Although colleagues have earnestly described why they like GNOME, and demonstrated it, all I see is people who don't know how to use the existing, 35+ year old keyboard UI of Windows, or the simpler and only a few years younger one of NeXTstep/macOS.
I can't stand GNOME myself. It doesn't get out of my way. It wastes a tonne of precious vertical space on its wasted panel. Its app-switcher is poor. Its window management is atrocious, but then, I've met with and interviewed the dev team, and they don't manage windows. They switch between full-screen sessions instead. I'm looking at twin 27" screens right now, and I want to see 5 or 6 apps at once. GNOME obstructs that massively.
But it's trivial to configure macOS to be as minimal as GNOME. Dock to autohide, cmd+space for the app launcher, trackpad gestures to hop between full-screen apps. It's not how I work or want to, but it's easily achieved.
Yesterday I upgraded Fedora Asahi 40 to 41 on my M1 MBA, and KDE is so bad I was reduced to laughter at its pathetic clunkiness. But then I am a documented KDE-hater ever since the days of KDE 2.0.
And GNOME, too, but at least it has the mercy of being pretty. Horribly confining and with an appalling keyboard UI, but it's pretty.
I liked KDE 1.x a lot. I didn't love it, but it was a perfectly serviceable desktop for Linux and it was FOSS. All the other usable Linux desktops I'd seen before then were paid for, such as IXI X.Desktop.
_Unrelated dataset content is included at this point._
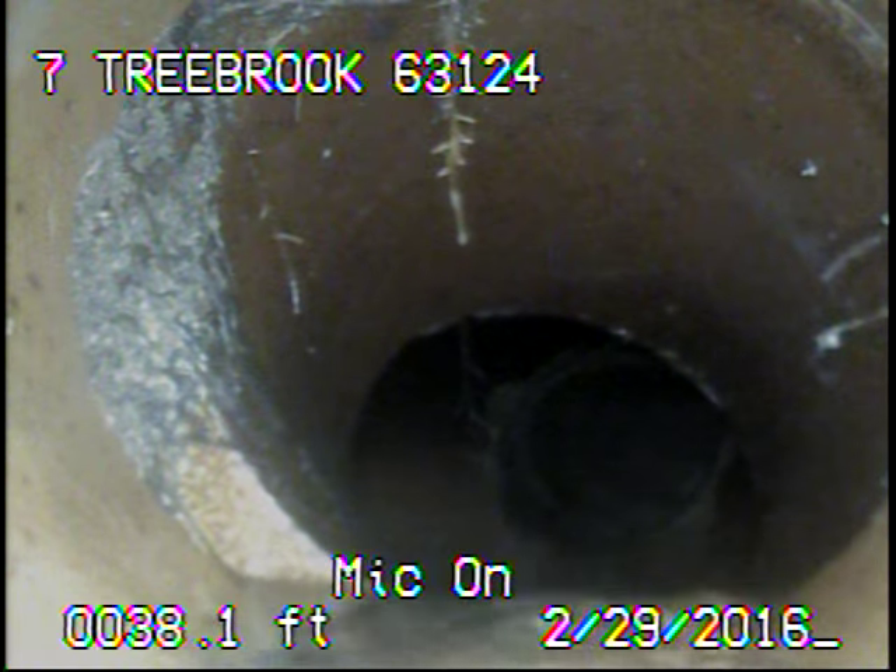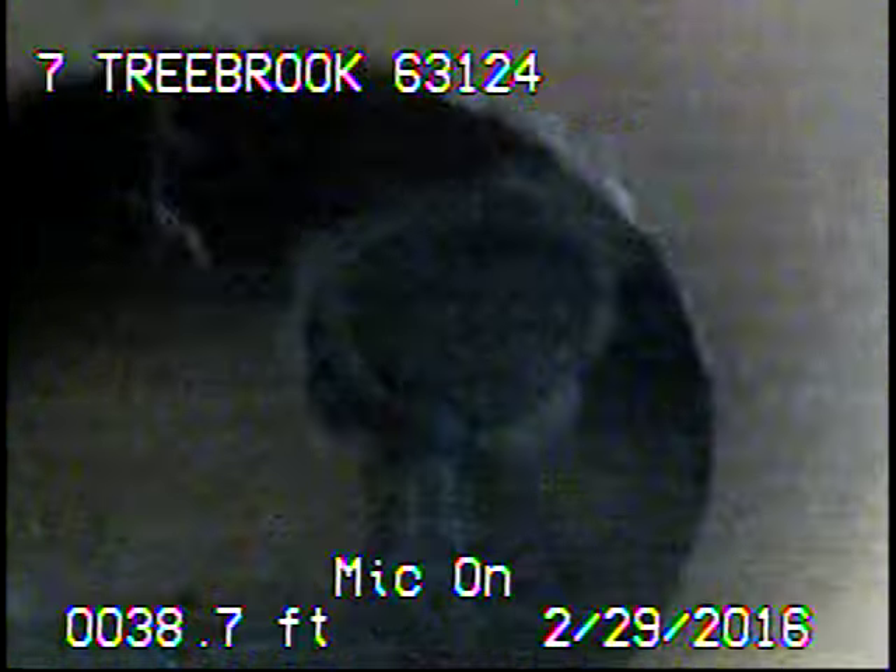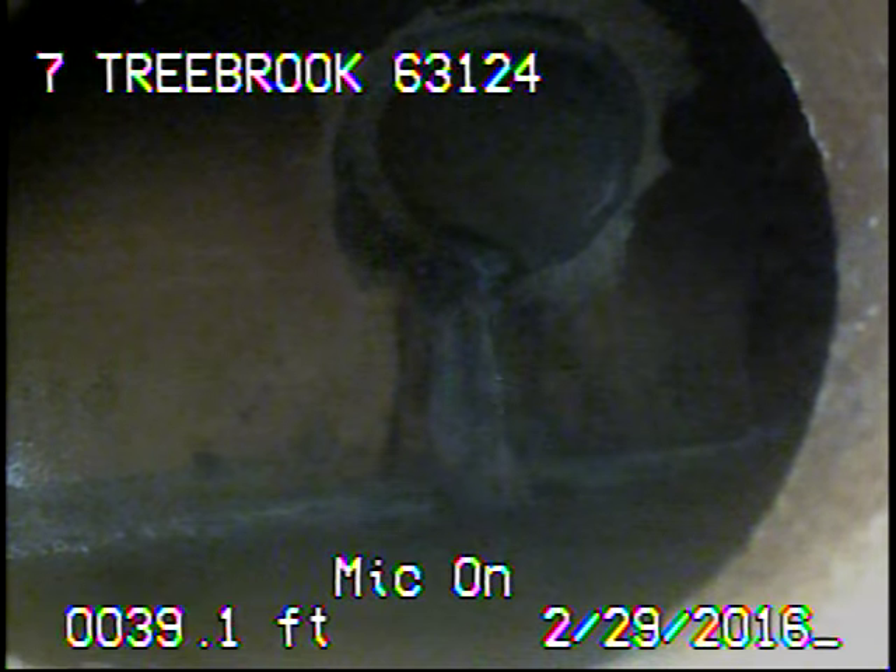I ran a four-inch to five-inch cutter through the sewer line to remove as much debris as I could. Right now we're back at MSD's main. I'll go on record as I come back.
When I say I've been a KDE hater since KDE 2 I meant that I liked KDE 1, but KDE 2 was a bit of a bloated mess. KDE 3 was much much worse and it's continued to turn into a parody of a bad implementation of the Windows 98 desktop -- the bad version, with IE4 embedded in the shell -- ever since.
Yeah, desktop environments are pretty bad on Linux. Window managers are where it’s at of course. I guess it is sort of unfortunate for people if they get the impression that Linux has bad UI because somebody decided a desktop environments should be the out-of-the-box experience.
There have been good desktops. GNOME 2 was basic and clunky but usable. I actually liked and still use Unity, which is as good as it's got so far IMHO, but it's undergoing bitrot now.
Xfce is perfectly fine and I'm happy with it but it could do with some streamlining and simplification in places. The workspace switcher is a bit silly and so a good example: rows are set in one place, columns separately in a different screen. Junk the separate start menu and app finder, because the whisker menu does that. Dashboard on by default. Docklike-taskbar present by default and either set it up as a better Win10 or Win11 clone, which it can do better than the original now, or lean in to the areas where it can do things others can't and set it up as a Mac/Unity-like setup or something different that MATE, Cinnamon, etc. can't do. And slap some pretty themes on it, with visible, grabbable window margins.
But the big names are all basically in death spirals now. Aside from Elementary OS, which is very very pretty but about as flexible as an iPad (i.e. not very) the only people making real efforts at looking good and working well are in China. Deepin is gorgeous in its way, UKUI and Kylin is equally so.